[Start of section]
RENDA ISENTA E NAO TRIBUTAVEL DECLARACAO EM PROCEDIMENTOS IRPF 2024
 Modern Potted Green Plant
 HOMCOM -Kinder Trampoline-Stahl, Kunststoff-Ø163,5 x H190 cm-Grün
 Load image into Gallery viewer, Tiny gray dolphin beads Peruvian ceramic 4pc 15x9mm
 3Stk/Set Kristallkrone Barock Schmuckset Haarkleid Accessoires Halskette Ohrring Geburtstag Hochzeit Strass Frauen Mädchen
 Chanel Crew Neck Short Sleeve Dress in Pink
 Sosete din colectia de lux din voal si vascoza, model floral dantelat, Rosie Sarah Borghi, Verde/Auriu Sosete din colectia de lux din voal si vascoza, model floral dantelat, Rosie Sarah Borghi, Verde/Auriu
[End of section]
Each line of the data above is to be set down exactly.

RENDA ISENTA E NAO TRIBUTAVEL DECLARACAO EM PROCEDIMENTOS IRPF 2024
 Modern Potted Green Plant
 HOMCOM -Kinder Trampoline-Stahl, Kunststoff-Ø163,5 x H190 cm-Grün
 Load image into Gallery viewer, Tiny gray dolphin beads Peruvian ceramic 4pc 15x9mm
 3Stk/Set Kristallkrone Barock Schmuckset Haarkleid Accessoires Halskette Ohrring Geburtstag Hochzeit Strass Frauen Mädchen
 Chanel Crew Neck Short Sleeve Dress in Pink
 Sosete din colectia de lux din voal si vascoza, model floral dantelat, Rosie Sarah Borghi, Verde/Auriu Sosete din colectia de lux din voal si vascoza, model floral dantelat, Rosie Sarah Borghi, Verde/Auriu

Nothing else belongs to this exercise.